There's a really neat thing on the market for removing lead from
barrels.  Sold by Kleen Bore, they're 1-in. square cotton patches
impregnated with come chemicals.  Sold in boxes of 25 for about
$2.40, I got a box and tried them.

My smallbore match rifle had been cleaned quite well with Hoppe's
No. 9 solvent, then the bore wiped dry with patches.  Leaving a
film of No. 9 in the barrel for an hour did not dissolve any more
lead that could be picked up by a cleaning patch.  So, it appeared
squeaky clean.

I usually run a benchrest bronze brush through the barrel from
breach to muzzle direction only a couple of times about every
500 rounds.  I had done this in the cleaning process used.

Then I takes one of these Kleen Bore lead removing patches, puts
it on my nylon jag, and slowly pushes it through the bore.

To my surprise, it came out black!  I reversed the lead removing
patch on the jag, then pushed it through again.  This time, it
came out gray in color.  It must have removed something that the
standard procedures did not get.  I then put another one through
but it didn't show any discoloration indicating the bore was more
or like the fuels most cars use these days; unleaded. 

To verify the blackening was not due to chemical reaction with 
the blued bore, I took another lead removing patch and rubbed in
on the barrel's outside; no color change.  Seems to prove that
the one that went through the bore did remove the last microinches
of fouling.

I would guess these Kleen Bore lead removal patches would work in
any barrel to remove all the lead.  


From: (Bart Bobbitt)
Subject: Re: Cleaning .22 LR Rimfire Barrels
Organization: Hewlett-Packard Fort Collins Site

Mike Beck - Leeds University Rifle Coach ( wrote:

: We clean our .22 match rifles at the end of
: every term (3 times a year) so that they're
: clean when they're not being used
: over the holidays.

My smallbore rifle has about 2000 rounds of test-fired shots through it.  In
a local, 100-yard indoor range, many tests were done to determine the rounds
to be fired to foul the bore enough to start opening up the groups.  I used
Tenex, Temp, Olimp-R and R50 ammo.  With each ammo type after about 120
shots, 100-yard groups would start opening up about 1/4th to 3/8ths of an inch
at 150 shots.  Then the barrel was cleaned.  About 3 to 5 fouling shots were
needed before the groups would go back to their 5/10ths to 7/10ths inch
size.  15-shot groups were used for each test.  After this scenerio was
repeated dozens of times, that convinced me that the barrel should be cleaned
after about 100 shots if peak accuracy is desired.

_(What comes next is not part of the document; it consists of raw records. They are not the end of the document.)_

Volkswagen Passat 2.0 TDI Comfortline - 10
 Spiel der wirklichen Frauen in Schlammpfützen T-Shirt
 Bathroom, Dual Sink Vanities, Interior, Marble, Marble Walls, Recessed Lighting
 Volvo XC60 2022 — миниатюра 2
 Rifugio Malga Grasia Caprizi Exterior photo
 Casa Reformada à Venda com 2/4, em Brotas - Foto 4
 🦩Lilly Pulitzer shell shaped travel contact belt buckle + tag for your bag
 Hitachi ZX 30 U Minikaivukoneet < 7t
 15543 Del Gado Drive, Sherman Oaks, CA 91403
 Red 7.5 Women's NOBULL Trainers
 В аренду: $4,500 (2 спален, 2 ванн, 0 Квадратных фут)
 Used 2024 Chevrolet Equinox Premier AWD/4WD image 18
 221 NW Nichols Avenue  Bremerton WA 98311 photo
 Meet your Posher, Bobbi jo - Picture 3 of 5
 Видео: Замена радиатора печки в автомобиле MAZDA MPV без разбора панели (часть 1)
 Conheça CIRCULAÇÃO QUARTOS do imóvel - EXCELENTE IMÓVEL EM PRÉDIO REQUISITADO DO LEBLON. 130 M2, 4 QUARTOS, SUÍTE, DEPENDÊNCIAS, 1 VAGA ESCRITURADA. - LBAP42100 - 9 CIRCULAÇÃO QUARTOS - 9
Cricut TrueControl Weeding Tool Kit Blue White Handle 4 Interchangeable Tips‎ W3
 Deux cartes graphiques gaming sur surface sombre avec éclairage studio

In tests at 25 and 50 yards, increases in test group sizes were barely
noticed.  Groups at 50 yards would increase in size just enough to be seen.
At 25 yards, I could not tell any difference after firing 300 shots.  I would
hazard a guess that at 50 feet (or less), accuracy degradation may never
be noticed even after thousands of rounds are fired.  Which makes sense to
me as the bullet is in flight only about 1/8th as long as it is enroute to
100 yards; there's not enough time for an unbalanced bullet to move any
significant amount at right angles to its flight path in only 50 feet.

At first, I would use a bronze bore brush after about every 500 shots.  When
I started using Kleen Bore lead removing patches after 500 shots or so, my
test groups were a tad smaller than before.  I stopped using these patches
and went back to using bore brushes; test groups got about 1/8th of an inch
bigger at 100 yards.  After going back to using Kleen Bore patches, test
groups got smaller again.

After talking with some of the top smallbore shooters in the USA, they
told me my test data was very normal with what they have noticed.  Frequent
cleaning is more important at the longer ranges.  At ranges less than 50
yards, it may take thousands of rounds test fired from machine rested rifles
to note group sizes increasing after 100 to 150 shots are fired.